● Exercise goal
The result should be an exact copy of the data, free of pictures.

-- Source material follows --

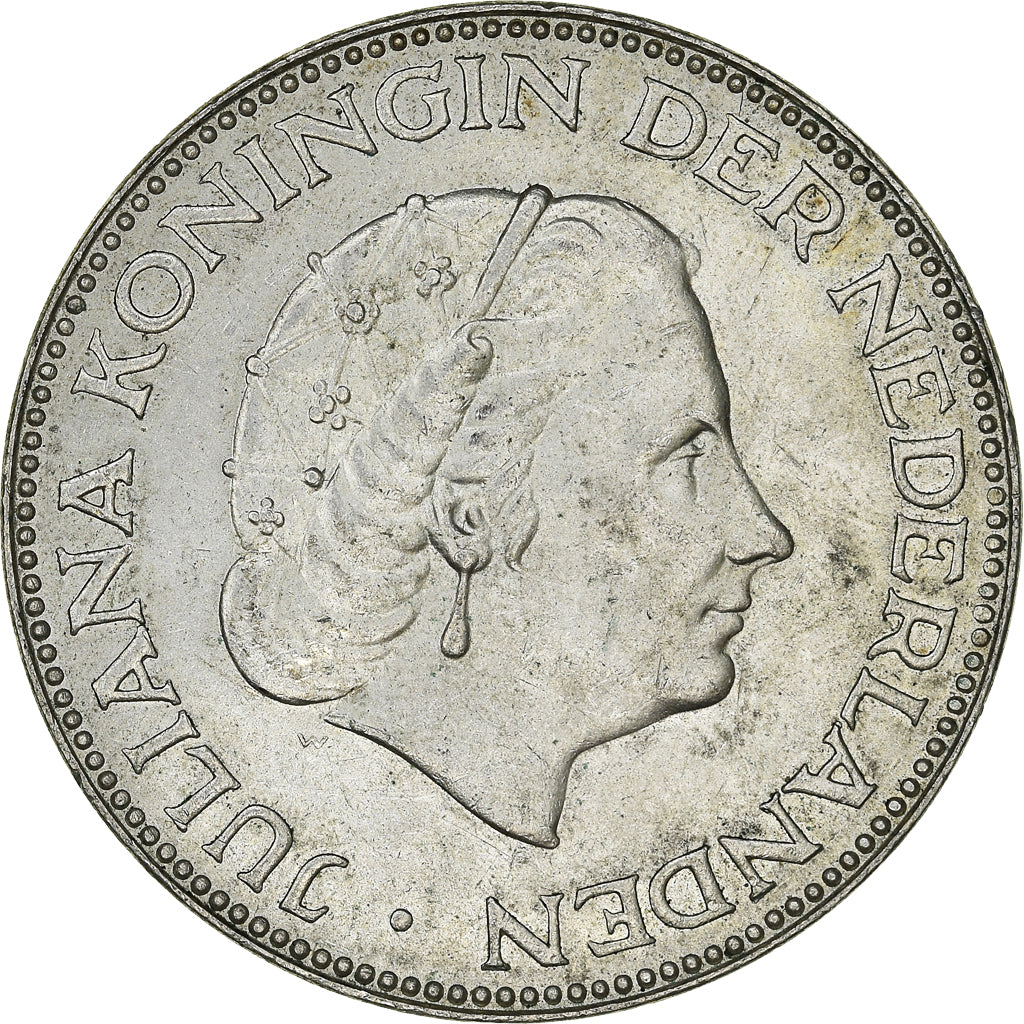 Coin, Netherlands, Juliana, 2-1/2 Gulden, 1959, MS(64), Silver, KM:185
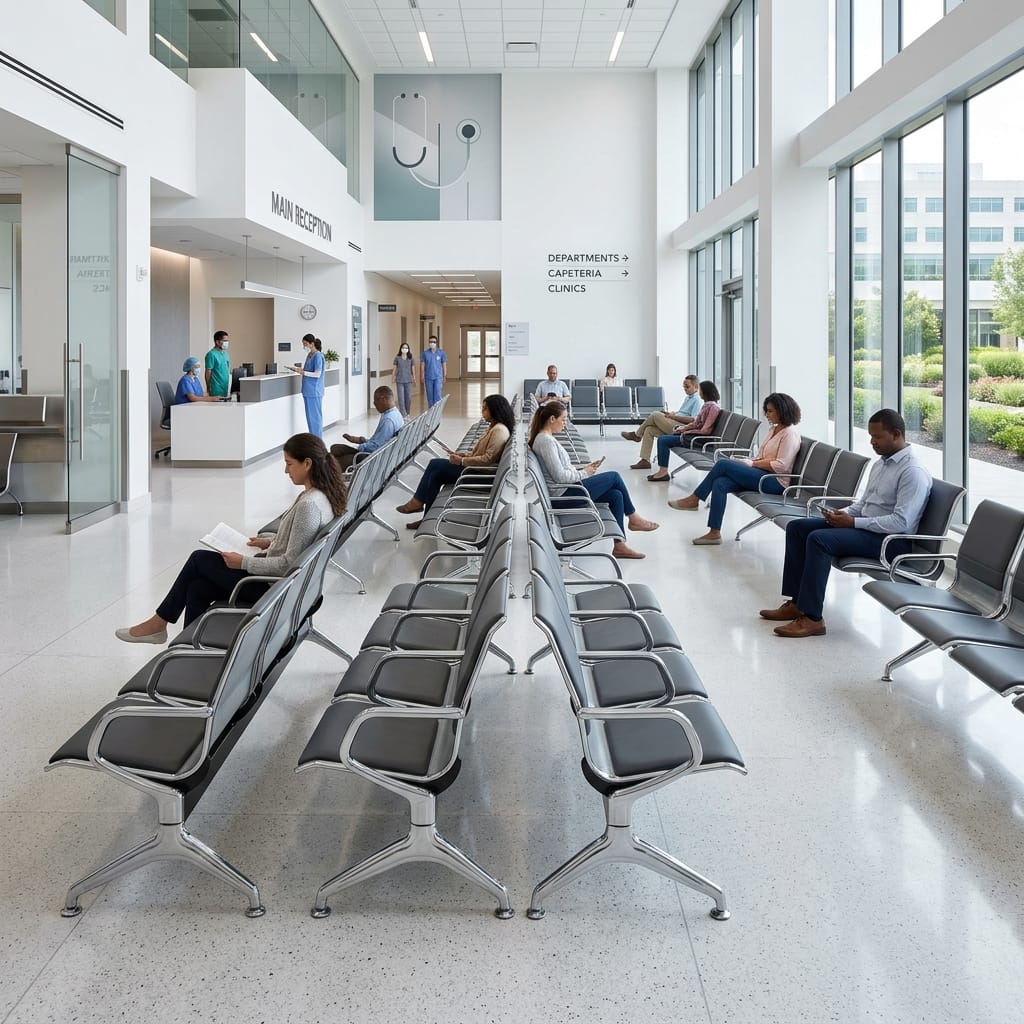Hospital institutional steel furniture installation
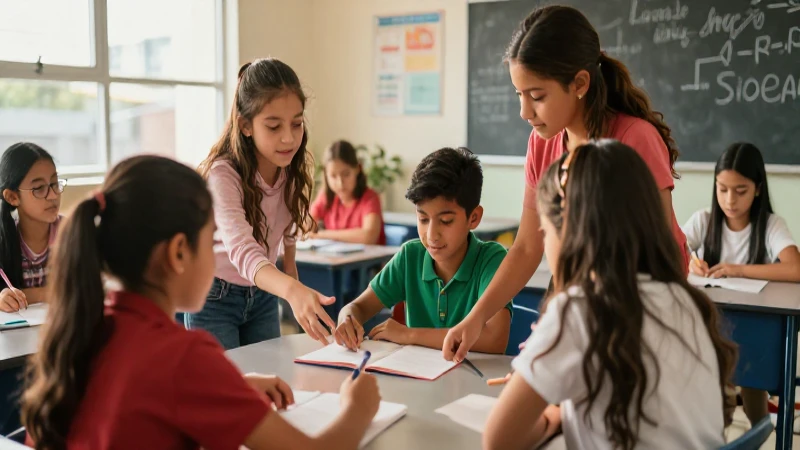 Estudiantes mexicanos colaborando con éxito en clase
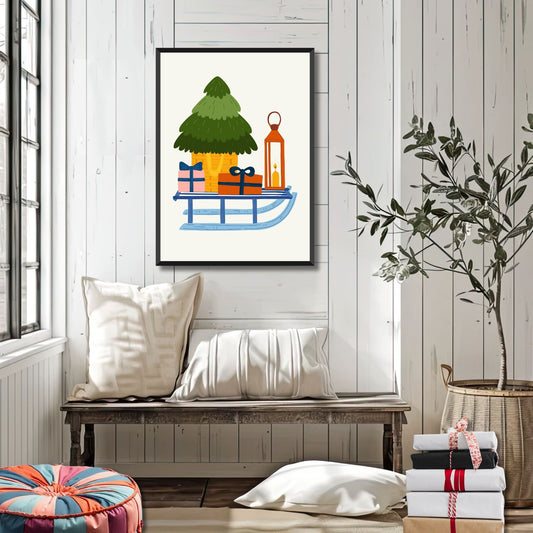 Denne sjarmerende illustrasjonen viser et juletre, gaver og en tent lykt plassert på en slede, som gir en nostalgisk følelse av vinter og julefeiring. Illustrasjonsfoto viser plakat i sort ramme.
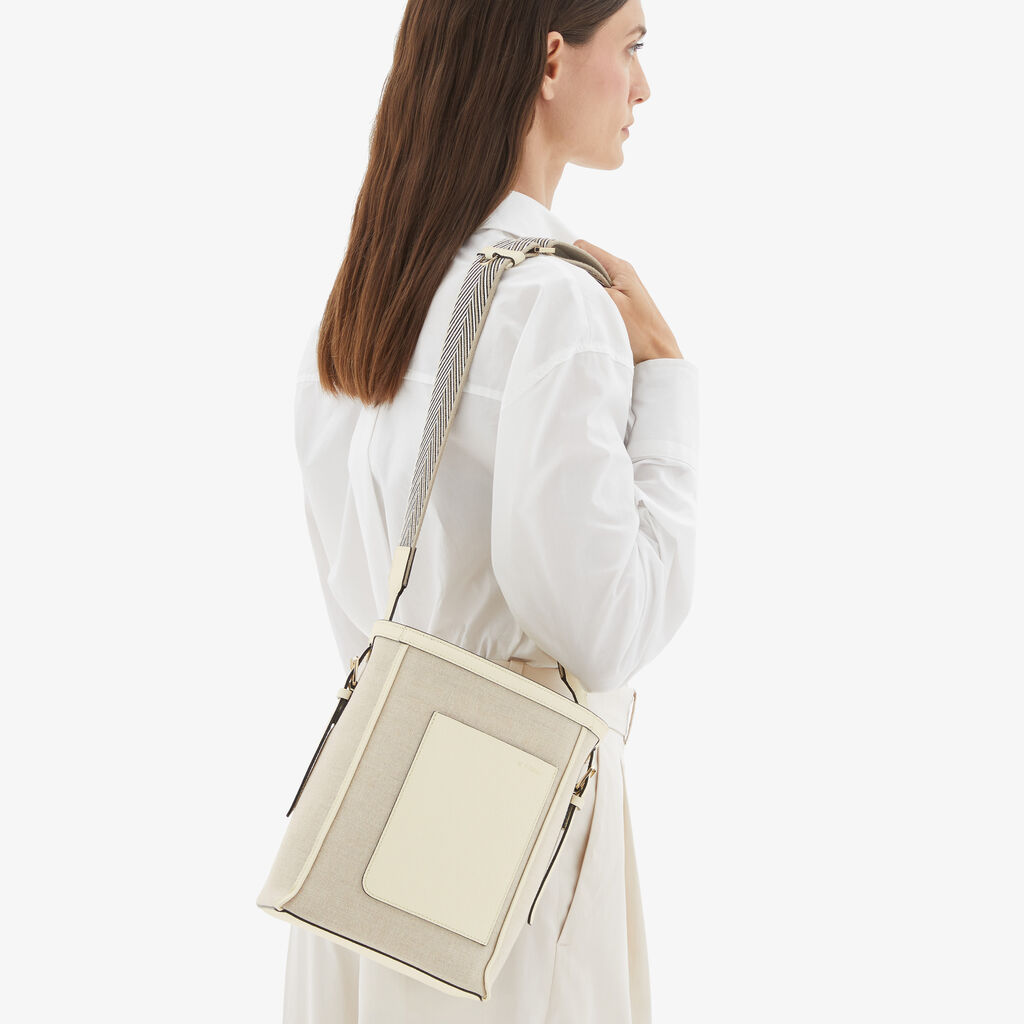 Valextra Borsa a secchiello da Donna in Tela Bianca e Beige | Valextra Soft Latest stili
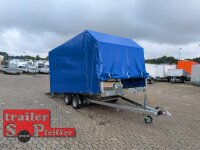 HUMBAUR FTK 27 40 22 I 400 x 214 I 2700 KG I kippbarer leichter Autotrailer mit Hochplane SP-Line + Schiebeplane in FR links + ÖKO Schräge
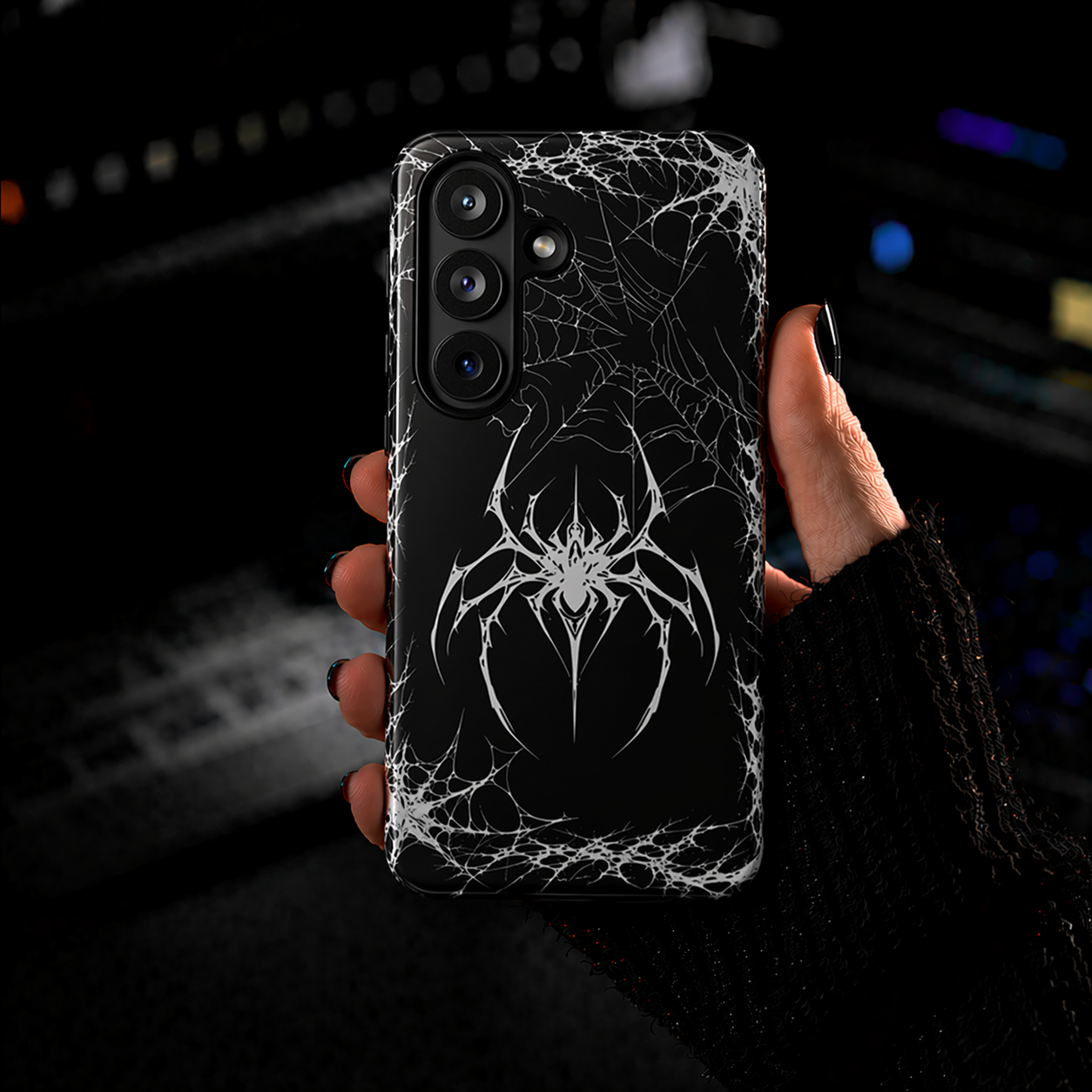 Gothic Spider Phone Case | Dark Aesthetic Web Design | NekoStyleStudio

-- Source material concluded --

● Response for this exercise
 Coin, Netherlands, Juliana, 2-1/2 Gulden, 1959, MS(64), Silver, KM:185
Hospital institutional steel furniture installation
 Estudiantes mexicanos colaborando con éxito en clase
 Denne sjarmerende illustrasjonen viser et juletre, gaver og en tent lykt plassert på en slede, som gir en nostalgisk følelse av vinter og julefeiring. Illustrasjonsfoto viser plakat i sort ramme.
 Valextra Borsa a secchiello da Donna in Tela Bianca e Beige | Valextra Soft Latest stili
 HUMBAUR FTK 27 40 22 I 400 x 214 I 2700 KG I kippbarer leichter Autotrailer mit Hochplane SP-Line + Schiebeplane in FR links + ÖKO Schräge
 Gothic Spider Phone Case | Dark Aesthetic Web Design | NekoStyleStudio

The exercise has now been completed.